Ainda me hás de explicar como fazes tu para estar em todas, melher!

:-)))

bjs pra ti tb

calamity jane disse...

Visconde, ainda bem que apanhou a mensagem. Receei que não estivesse bem claro...

calamity jane disse...

Ana, o Bono não é assim tão bom cantor...
(e se eu gosto de U2...)

calamity jane disse...

Eli, acredito que ainda vais ultrassar esse bloqueio. Aí há outras coisas a ter em conta, para além das questões de que fala a posta, penso eu de que...

calamity jane disse...

Cristina, Bi: é bom saber que não estamos sós naquilo que sentimos ou pensamos...

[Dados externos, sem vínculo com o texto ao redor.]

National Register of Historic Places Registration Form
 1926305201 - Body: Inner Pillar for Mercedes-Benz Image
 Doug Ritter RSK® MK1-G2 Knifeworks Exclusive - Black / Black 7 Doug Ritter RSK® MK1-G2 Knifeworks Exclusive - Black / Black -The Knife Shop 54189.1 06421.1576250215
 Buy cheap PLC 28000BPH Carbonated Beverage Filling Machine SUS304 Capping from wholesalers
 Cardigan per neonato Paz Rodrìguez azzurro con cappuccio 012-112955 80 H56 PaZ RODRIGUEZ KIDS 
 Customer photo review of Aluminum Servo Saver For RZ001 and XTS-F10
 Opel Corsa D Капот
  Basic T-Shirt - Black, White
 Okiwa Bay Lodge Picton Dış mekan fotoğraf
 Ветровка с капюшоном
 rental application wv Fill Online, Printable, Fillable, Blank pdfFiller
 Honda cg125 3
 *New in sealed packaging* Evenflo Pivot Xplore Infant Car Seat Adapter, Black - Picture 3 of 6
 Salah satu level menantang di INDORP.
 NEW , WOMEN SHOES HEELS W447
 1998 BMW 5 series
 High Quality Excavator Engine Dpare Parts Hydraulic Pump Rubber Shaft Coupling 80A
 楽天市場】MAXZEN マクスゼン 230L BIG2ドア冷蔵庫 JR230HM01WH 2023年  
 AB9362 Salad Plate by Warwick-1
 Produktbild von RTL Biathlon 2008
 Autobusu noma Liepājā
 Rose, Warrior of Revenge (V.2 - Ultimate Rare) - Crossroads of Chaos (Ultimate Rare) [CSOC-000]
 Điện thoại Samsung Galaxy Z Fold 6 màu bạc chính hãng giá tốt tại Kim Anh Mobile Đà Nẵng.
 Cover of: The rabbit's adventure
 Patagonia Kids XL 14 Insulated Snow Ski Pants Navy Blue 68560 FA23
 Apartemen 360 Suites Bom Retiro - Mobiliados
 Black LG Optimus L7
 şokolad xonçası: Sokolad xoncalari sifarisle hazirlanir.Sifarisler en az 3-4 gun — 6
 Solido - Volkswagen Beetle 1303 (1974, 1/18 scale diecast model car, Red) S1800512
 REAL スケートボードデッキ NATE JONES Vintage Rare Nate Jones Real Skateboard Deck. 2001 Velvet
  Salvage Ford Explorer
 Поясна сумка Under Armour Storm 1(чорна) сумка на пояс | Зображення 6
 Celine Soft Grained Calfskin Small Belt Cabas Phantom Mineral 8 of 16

Joaninha, o depois é sempre uma incógnita. Não me tenho desiludido com as pessoas que conheci na blogosfera. O que por vezes acontece é que deixamos de nos comentar tanto quando passamos a falar mais ou a estar mais vezes juntos(as). Mas pelo que vejo aqui no Cabra, isso não é regra.

calamity jane disse...

Gaija, estou à espera dessa noitada em breve!

Anônimo disse...

cj, mais por defesa que por pudor, não?
a voz expõe-nos mais. pelo tom, pela densidade, pelo compasso, pelos impasses... obriga-nos a maior espontaneidade. torna-se por isso mais intimista.

do formal para o íntimo...


não se parte da cama para as sms’s, certo?

Ooops...
(lá se foi a teoria)

Anônimo disse...

e já te disse que gosto da tua escrita?




(a miuda escreve com alma, pá!)

calamity jane disse...

Lucinda, não tem de ser assim! Depois da paixão pode ou não nascer (ou consolidar-se) o amor.

Elle, já te disse que és uma querida?